愛の国、フランスといわれるけれど、なぜか結婚(日本で言う入籍)願望があまりないフランス人。その代わり、同棲カップルは日本よりもずっと多く、日本でいう「事実婚」を選択する人々もたくさんいます。

フランス人にとって結婚とはどんなものなのでしょうか?事実婚を貫くオレリア(30歳/販売員)とカミーユ(30歳/システムエンジニア)、クレール(30歳/事務員)とオーバン(30歳/運搬員)、そしてマノン(30歳/銀行員)とアントナン(30歳/教師)のパリジャン&パリジェンヌのカップルに聞きました。


■入籍するメリットを感じないフランス人

町中どこでも人目をはばからずキスをし、愛をささやき合うフランス人ですが、結婚となると、「結婚するメリットが分からない」(オレリア)、「入籍の法的手続きが面倒」(クレール)、「なかなか別れられないので面倒」(カミーユ)など、現実的でクールな意見が飛び交います。

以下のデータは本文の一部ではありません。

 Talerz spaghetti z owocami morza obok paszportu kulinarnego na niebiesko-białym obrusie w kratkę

そもそもフランスは、結婚、離婚、そして事実婚ともに日本と形が異なります。日本と一番大きく異なるのが、結婚と事実婚の間の法律的なことや価値観に差があまりないこと。

フランスでは籍をいれなくても、連帯市民協約(PACS)を結ぶという方法があります。これは日本の事実婚のように、籍をいれずに共同生活をしようとする成人二人が結ぶ協約で、税制、社会保障面などで入籍した夫婦と同様の優遇を受けることができます。


そのため、わざわざ入籍しなくても連帯市民協定を結べばいいや……というカップルが増え、オレリアのように「入籍するメリット」が感じられなくなるとのこと。

■役所の掲示板に告知して、異議なしを確認

しかし差がないのであれば、なぜ結婚を選ばないのでしょうか。

まず一つには、クレールが挙げた「法的手続き」の複雑さがあります。連帯市民協約の場合、日本のように結婚も離婚も「届け出」を行えば終わりですが、結婚の場合はそうはいきません。

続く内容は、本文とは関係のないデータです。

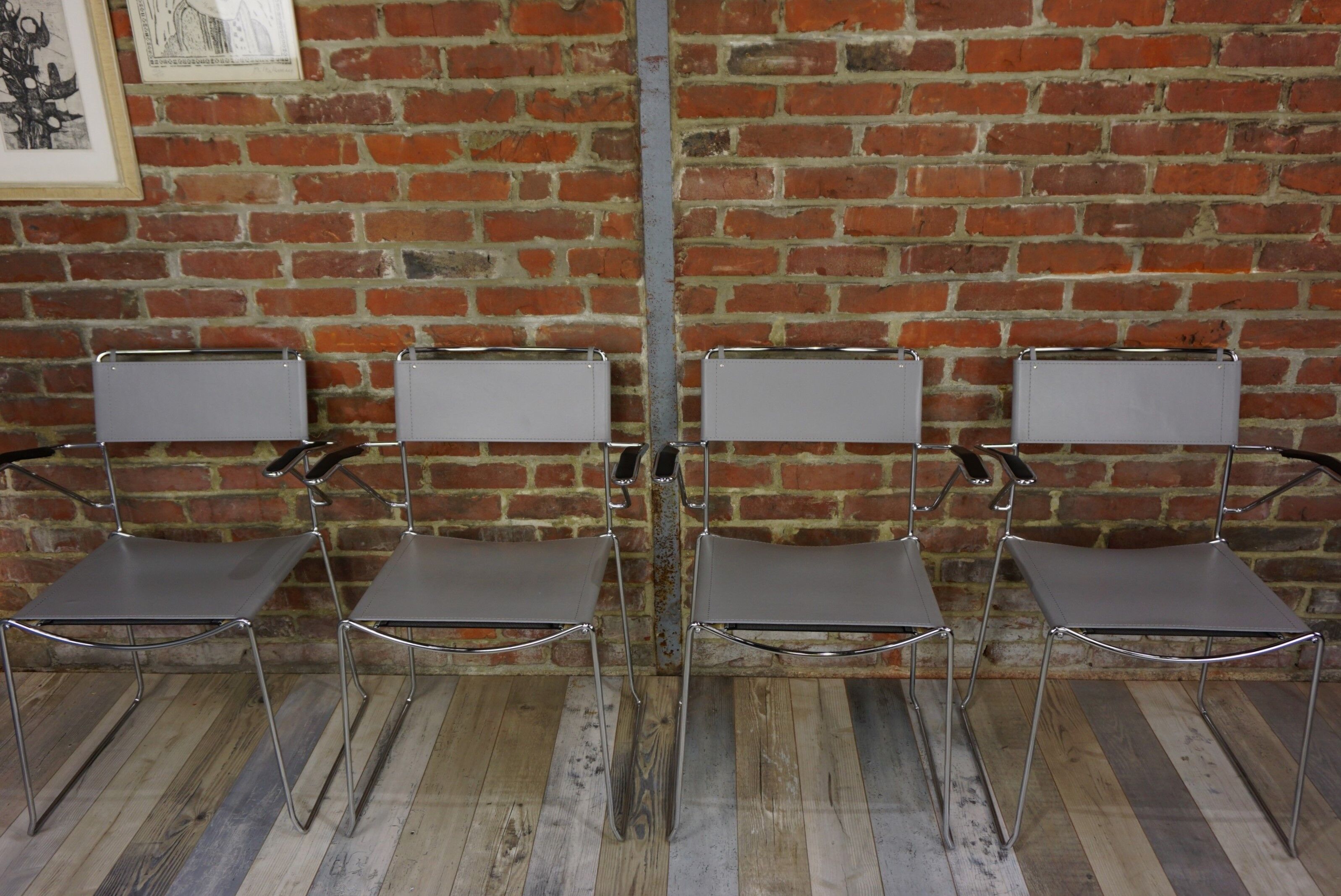 Lot of 4 Italian design chairs in leather and chrome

先月連帯市民協約を結んだばかりのマノン(女性)は、結婚の手続きの複雑さをこう言います。

「結婚するときは事前に書類を何枚も役所に提出し、その後市役所の掲示板に一定期間二人の結婚に異議を唱(とな)えるものがいないか貼(は)り出される期間があります。

さらに結婚当日は市長による意思確認が行われるため、このアポイントメントを取るのにも苦労します。またそのときに新郎新婦ともに『証人』となってくれる人が必要です。
すべての日程調整だけでも大変」と言います。

これを聞いたマノンのパートナー、アントナン(男性)は「結婚はまだこれはいいとしても、とにかく離婚が最悪」と切り出しました。

■離婚には裁判官の審理が必要

「たとえお互いが離婚に同意していても、弁護士を立て、裁判官の審理を受けなくてはならないんですよ」

日本では、お互いが離婚に同意していれば、離婚届を提出して「協議離婚」が成立しますが、フランスでは裁判所を通し、離婚後の権利などもすべて明確に決めなければなりません。

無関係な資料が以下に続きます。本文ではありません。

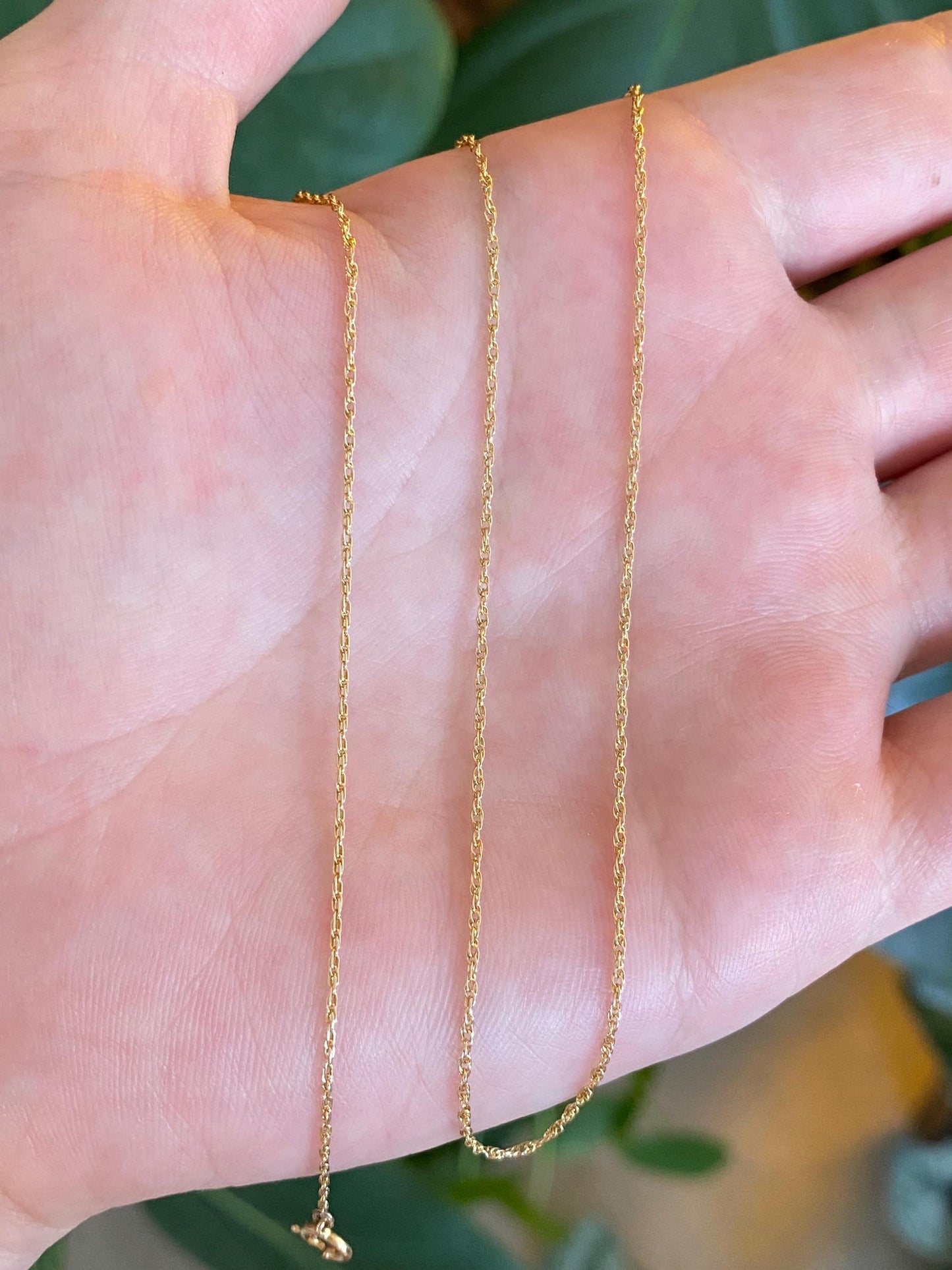 Vintage Solid 14k Yellow Gold Dainty Chain Necklace - 16 inches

アントナンは自分の親が離婚したときの状況をこう語ります。

「うちの親の場合、離婚が成立するまでに半年ほどの時間がかかったんだ。周りの声を聞いても、特にトラブルのない離婚でさえ平均して4~5カ月はかかっているよ。弁護士を雇うお金だけで1400ユーロ(16万円程)したらしいし」

円満に別れようと思ってもこれだけ時間と費用が必要なのであれば、簡単に「離婚」とはいかないようです。

■別れを念頭に入籍?

クレールは、

「万が一離婚することがあった場合を考えて、入籍前に『結婚前契約書』を交わす人が多くいます。
特に金銭がからむ問題は、仲が良いときに円満に話し合っておくのが一番。離婚の裁判のせいで、二人の良い思い出までがかき消されたら残念だし。

でも、私たちはそこまでして入籍する必要もないのではないか?と思っています。それで私たちは連帯市民協約を結んだんです」と説明します。

続けてオーバンはさらりと、

「連帯市民協約を結んだ場合には、離婚にあたる契約解消の手続きが簡単。『解消したい』と思えば、たとえ相手が同意していなくても一方的に解約できるからね」と言います。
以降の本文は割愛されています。